TEXTRON: Weakly Supervised Multilingual Text Detection through Data Programming

Several recent deep learning (DL) based techniques perform considerably well on image-based multilingual text detection. However, their performance relies heavily on the availability and quality of training data. There are numerous types of page-level document images consisting of information in several modalities, languages, fonts, and layouts. This makes text detection a challenging problem in the field of computer vision (CV), especially for low-resource or handwritten languages.

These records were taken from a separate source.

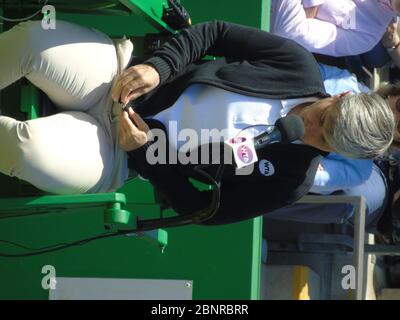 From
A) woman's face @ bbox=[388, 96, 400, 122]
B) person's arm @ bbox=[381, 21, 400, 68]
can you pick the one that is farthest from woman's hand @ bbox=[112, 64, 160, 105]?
person's arm @ bbox=[381, 21, 400, 68]

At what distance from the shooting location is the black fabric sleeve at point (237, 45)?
6.97ft

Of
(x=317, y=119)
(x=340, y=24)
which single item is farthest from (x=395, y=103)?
(x=317, y=119)

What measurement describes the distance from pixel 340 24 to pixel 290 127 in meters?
1.32

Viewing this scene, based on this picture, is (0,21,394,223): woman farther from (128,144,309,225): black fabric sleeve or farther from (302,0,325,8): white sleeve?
(302,0,325,8): white sleeve

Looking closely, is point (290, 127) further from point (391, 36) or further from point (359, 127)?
point (391, 36)

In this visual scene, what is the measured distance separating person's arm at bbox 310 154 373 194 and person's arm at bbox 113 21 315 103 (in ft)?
2.94

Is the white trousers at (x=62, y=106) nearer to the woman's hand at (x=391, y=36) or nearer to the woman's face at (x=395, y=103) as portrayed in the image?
the woman's face at (x=395, y=103)

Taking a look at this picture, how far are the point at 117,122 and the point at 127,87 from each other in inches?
7.7

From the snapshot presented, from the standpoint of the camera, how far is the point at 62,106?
213 centimetres

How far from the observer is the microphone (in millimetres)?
1923

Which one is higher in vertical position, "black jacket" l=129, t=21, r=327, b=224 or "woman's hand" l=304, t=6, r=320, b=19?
"woman's hand" l=304, t=6, r=320, b=19

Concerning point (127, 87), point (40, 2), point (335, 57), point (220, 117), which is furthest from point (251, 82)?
point (335, 57)

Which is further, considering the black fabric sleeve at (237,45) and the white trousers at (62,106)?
the black fabric sleeve at (237,45)

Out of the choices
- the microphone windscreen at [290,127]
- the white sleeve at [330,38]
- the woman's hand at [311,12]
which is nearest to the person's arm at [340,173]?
the white sleeve at [330,38] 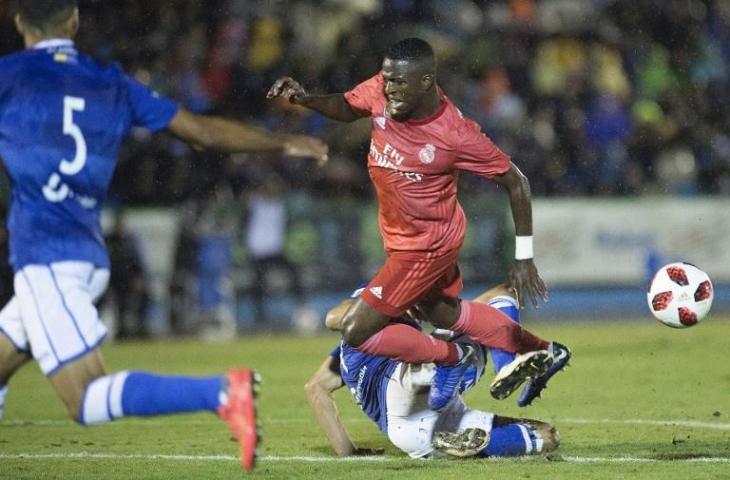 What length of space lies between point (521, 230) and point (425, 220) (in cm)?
59

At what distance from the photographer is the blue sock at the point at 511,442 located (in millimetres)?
7469

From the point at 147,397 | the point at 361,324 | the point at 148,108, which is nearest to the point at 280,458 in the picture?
the point at 361,324

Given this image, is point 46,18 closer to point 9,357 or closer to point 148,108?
point 148,108

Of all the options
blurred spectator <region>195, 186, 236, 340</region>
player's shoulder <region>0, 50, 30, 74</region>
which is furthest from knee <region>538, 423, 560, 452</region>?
blurred spectator <region>195, 186, 236, 340</region>

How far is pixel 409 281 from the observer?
7598 mm

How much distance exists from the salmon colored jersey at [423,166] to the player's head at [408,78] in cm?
13

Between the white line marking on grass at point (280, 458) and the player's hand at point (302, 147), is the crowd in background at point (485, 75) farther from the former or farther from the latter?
the player's hand at point (302, 147)

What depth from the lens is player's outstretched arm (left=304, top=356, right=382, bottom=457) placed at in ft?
25.2

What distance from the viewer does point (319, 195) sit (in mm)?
18359

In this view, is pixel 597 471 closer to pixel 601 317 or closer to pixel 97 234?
pixel 97 234

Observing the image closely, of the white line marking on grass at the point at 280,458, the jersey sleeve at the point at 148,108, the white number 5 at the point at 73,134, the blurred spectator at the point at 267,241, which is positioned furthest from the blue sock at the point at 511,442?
the blurred spectator at the point at 267,241

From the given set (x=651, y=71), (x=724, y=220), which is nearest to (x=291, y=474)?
(x=724, y=220)

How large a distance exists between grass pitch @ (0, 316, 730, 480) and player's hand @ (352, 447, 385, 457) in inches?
3.0

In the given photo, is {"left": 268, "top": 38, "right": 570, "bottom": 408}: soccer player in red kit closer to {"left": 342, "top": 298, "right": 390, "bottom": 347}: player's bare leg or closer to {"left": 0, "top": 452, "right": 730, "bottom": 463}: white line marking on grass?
{"left": 342, "top": 298, "right": 390, "bottom": 347}: player's bare leg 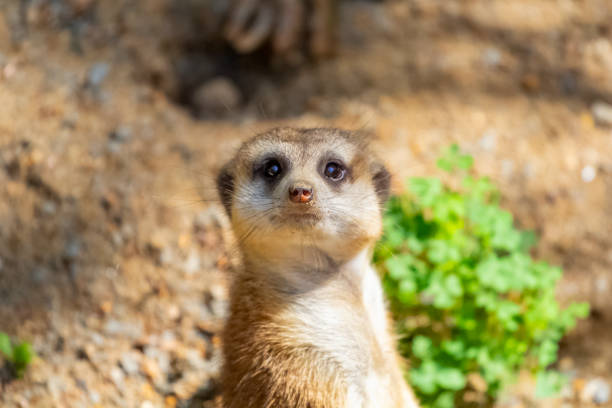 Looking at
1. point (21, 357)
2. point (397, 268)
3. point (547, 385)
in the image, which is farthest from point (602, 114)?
point (21, 357)

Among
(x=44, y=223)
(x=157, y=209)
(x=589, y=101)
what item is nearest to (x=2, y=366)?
(x=44, y=223)

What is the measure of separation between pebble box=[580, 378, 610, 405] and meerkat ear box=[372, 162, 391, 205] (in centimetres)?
138

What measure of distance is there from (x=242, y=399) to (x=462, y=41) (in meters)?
2.46

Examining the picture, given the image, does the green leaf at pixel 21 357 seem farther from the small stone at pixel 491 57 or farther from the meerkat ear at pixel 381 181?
the small stone at pixel 491 57

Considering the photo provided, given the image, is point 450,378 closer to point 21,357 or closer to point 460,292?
point 460,292

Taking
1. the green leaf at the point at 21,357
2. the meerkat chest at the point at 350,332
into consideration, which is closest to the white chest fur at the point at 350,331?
the meerkat chest at the point at 350,332

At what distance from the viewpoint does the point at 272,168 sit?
2.25 metres

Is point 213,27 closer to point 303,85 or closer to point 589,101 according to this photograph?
point 303,85

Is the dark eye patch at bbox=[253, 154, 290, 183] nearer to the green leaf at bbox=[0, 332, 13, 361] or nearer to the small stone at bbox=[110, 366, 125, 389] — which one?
the small stone at bbox=[110, 366, 125, 389]

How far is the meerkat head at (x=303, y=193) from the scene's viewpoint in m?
2.08

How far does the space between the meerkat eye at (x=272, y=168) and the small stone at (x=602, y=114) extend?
218cm

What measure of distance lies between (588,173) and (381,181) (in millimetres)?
1567

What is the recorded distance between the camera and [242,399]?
2.21 metres

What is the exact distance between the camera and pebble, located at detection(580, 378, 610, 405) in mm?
3064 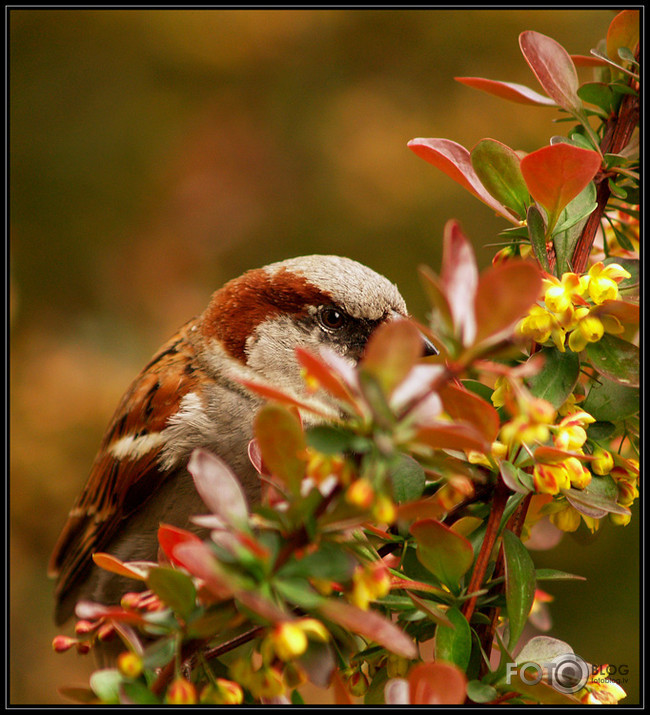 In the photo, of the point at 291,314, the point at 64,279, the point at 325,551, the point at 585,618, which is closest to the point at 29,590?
the point at 64,279

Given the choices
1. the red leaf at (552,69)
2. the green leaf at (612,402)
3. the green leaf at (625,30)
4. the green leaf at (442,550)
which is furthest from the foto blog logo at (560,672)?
the green leaf at (625,30)

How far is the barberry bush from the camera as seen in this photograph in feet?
1.39

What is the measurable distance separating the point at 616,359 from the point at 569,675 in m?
0.30

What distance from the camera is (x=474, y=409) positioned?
0.52 m

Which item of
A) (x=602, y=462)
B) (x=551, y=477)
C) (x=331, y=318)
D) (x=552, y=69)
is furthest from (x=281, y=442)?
(x=331, y=318)

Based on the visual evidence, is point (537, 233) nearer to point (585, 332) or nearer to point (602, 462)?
point (585, 332)

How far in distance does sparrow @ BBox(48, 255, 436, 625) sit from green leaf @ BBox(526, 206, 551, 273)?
577mm

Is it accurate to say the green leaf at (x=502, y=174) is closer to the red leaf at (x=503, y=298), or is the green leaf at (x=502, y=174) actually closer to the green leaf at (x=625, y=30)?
the green leaf at (x=625, y=30)

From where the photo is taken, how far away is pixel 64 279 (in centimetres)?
232

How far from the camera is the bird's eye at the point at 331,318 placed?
130cm

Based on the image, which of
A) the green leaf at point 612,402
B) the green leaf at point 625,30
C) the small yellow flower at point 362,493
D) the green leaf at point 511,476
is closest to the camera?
the small yellow flower at point 362,493

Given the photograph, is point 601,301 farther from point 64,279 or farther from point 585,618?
point 64,279

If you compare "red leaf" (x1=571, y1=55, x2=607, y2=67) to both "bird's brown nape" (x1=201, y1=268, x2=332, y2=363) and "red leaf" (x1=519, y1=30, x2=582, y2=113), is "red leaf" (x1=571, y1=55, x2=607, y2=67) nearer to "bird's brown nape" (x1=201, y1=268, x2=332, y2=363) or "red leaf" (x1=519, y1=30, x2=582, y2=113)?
"red leaf" (x1=519, y1=30, x2=582, y2=113)

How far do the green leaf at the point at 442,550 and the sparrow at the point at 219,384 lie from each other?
1.93ft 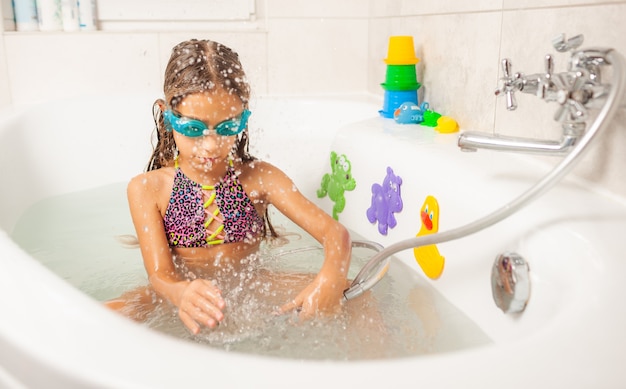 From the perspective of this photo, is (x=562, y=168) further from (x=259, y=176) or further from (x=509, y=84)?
(x=259, y=176)

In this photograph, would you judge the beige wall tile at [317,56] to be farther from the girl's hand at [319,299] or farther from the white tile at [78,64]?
the girl's hand at [319,299]

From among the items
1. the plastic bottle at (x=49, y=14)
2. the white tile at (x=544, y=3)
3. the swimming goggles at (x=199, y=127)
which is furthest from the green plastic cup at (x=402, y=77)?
the plastic bottle at (x=49, y=14)

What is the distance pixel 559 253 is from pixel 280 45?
1.61 m

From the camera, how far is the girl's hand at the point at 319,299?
1095mm

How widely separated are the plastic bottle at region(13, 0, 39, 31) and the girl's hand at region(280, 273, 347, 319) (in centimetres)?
156

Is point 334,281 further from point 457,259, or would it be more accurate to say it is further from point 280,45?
point 280,45

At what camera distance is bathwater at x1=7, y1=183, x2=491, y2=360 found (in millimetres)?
995

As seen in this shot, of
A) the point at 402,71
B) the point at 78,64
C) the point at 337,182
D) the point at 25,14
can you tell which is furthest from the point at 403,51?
→ the point at 25,14

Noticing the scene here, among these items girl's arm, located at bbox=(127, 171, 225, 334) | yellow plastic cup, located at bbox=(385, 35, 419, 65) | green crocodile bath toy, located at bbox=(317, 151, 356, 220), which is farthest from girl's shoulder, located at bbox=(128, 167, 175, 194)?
yellow plastic cup, located at bbox=(385, 35, 419, 65)

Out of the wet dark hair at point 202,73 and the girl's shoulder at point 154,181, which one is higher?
the wet dark hair at point 202,73

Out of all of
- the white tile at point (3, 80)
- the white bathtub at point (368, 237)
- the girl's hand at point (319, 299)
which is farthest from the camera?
the white tile at point (3, 80)

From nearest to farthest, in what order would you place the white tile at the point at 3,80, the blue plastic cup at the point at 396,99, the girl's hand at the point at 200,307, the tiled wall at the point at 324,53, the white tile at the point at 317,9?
the girl's hand at the point at 200,307 < the tiled wall at the point at 324,53 < the blue plastic cup at the point at 396,99 < the white tile at the point at 3,80 < the white tile at the point at 317,9

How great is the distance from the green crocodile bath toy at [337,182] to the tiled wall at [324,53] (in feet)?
0.99

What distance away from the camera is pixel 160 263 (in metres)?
1.26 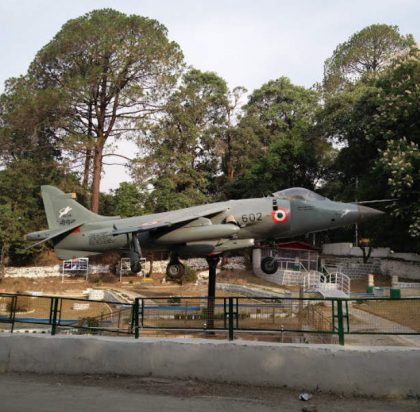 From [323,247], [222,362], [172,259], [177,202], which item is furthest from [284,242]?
[222,362]

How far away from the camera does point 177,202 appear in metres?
40.3

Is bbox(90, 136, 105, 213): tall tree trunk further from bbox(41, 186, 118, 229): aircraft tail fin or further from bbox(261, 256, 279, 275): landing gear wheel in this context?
bbox(261, 256, 279, 275): landing gear wheel

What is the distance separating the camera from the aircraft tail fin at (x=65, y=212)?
52.5 ft

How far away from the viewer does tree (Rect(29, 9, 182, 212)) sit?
3878 centimetres

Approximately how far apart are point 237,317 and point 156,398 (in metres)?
A: 2.22

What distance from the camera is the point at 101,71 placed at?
1511 inches

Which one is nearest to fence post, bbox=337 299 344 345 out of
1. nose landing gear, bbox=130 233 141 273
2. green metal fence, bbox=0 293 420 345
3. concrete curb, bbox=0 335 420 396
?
green metal fence, bbox=0 293 420 345

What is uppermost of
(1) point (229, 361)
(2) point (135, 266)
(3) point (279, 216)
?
(3) point (279, 216)

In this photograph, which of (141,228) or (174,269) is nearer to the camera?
(141,228)

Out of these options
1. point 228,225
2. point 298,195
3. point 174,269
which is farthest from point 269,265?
point 174,269

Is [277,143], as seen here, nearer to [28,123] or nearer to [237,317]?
[28,123]

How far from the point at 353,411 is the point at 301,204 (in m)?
8.26

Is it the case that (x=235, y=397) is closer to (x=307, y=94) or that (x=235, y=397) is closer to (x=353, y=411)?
(x=353, y=411)

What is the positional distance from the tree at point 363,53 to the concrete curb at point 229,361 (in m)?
56.1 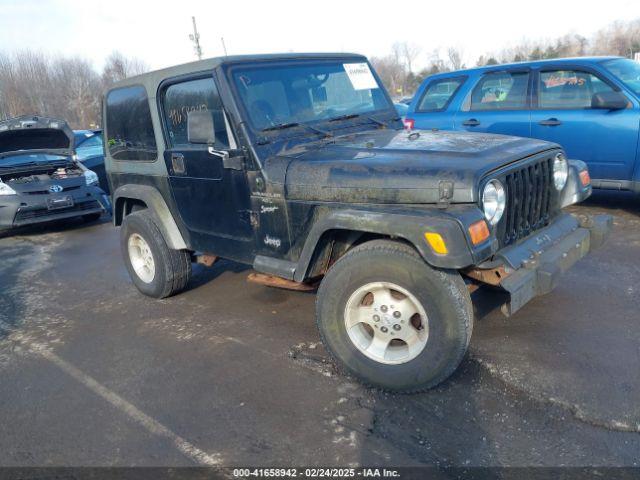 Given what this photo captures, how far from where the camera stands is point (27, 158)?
844 centimetres

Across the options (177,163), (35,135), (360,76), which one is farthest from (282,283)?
(35,135)

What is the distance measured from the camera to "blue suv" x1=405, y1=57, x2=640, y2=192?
5.93 m

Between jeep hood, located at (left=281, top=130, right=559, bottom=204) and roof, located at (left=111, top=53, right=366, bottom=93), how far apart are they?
2.60 feet

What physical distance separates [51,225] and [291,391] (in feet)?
24.3

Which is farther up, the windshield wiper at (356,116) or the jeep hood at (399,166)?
the windshield wiper at (356,116)

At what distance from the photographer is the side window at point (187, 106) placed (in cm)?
362

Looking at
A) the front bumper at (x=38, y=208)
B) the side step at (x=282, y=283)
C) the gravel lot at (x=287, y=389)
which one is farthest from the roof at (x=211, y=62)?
the front bumper at (x=38, y=208)

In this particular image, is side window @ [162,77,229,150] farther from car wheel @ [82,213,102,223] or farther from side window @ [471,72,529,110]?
car wheel @ [82,213,102,223]

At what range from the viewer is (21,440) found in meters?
2.94

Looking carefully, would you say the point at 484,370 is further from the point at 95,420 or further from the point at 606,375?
the point at 95,420

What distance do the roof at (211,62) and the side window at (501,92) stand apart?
315cm

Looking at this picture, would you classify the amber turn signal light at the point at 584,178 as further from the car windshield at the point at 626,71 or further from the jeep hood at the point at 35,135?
the jeep hood at the point at 35,135

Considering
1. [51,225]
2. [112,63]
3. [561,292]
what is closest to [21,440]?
[561,292]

Furthermore, there is a scarcity of word-level labeled data for text detection, especially for multilingual settings and Indian scripts that incorporate both printed and handwritten text. Conventionally, Indian script text detection requires training a DL model on plenty of labeled data, but to the best of our knowledge, no relevant datasets are available. Manual annotation of such data requires a lot of time, effort, and expertise. In order to solve this problem, we propose TEXTRON, a Data Programming-based approach, where users can plug various text detection methods into a weak supervision-based learning framework. One can view this approach to multilingual text detection as an ensemble of different CV-based techniques and DL approaches. TEXTRON can leverage the predictions of DL models pre-trained on a significant amount of language data in conjunction with CV-based methods to improve text detection in other languages. We demonstrate that TEXTRON can improve the detection performance for documents written in Indian languages, despite the absence of corresponding labeled data. Further, through extensive experimentation, we show improvement brought about by our approach over the current State-of-the-art (SOTA) models, especially for handwritten Devanagari text. Code and dataset has been made available at https://github.com/IITB-LEAP-OCR/TEXTRON

翻译：近年来，多项基于深度学习（DL）的技术在图像多语言文本检测中表现出色。然而，其性能高度依赖于训练数据的可用性和质量。各类页面级文档图像包含多种模态、语言、字体和排版的信息，使得文本检测成为计算机视觉（CV）领域的一个挑战性问题，尤其对于低资源语言或手写语言而言。此外，文本检测任务中缺乏词级标注数据，在多语言场景以及同时包含印刷体和手写文本的印度文字中尤为突出。传统上，印度文字的文本检测需要大量标注数据来训练深度学习模型，但据我们所知，目前尚无相关的公开数据集。人工标注此类数据需耗费大量时间、精力和专业知识。为解决这一问题，我们提出TEXTRON——一种基于数据编程的方法，用户可将多种文本检测方法集成到弱监督学习框架中。该方法可被视为多种计算机视觉技术和深度学习模型的集成方案。TEXTRON通过利用预训练于大量语言数据的深度学习模型的预测结果，结合基于计算机视觉的方法，提升其他语言的文本检测性能。实验表明，即便缺乏对应标注数据，TEXTRON仍能显著改善印度语言文档的检测效果。进一步的大量实验验证，我们的方法在现有最先进（SOTA）模型基础上实现了性能提升，尤其针对手写天城文文本。代码与数据集已开源至 https://github.com/IITB-LEAP-OCR/TEXTRON。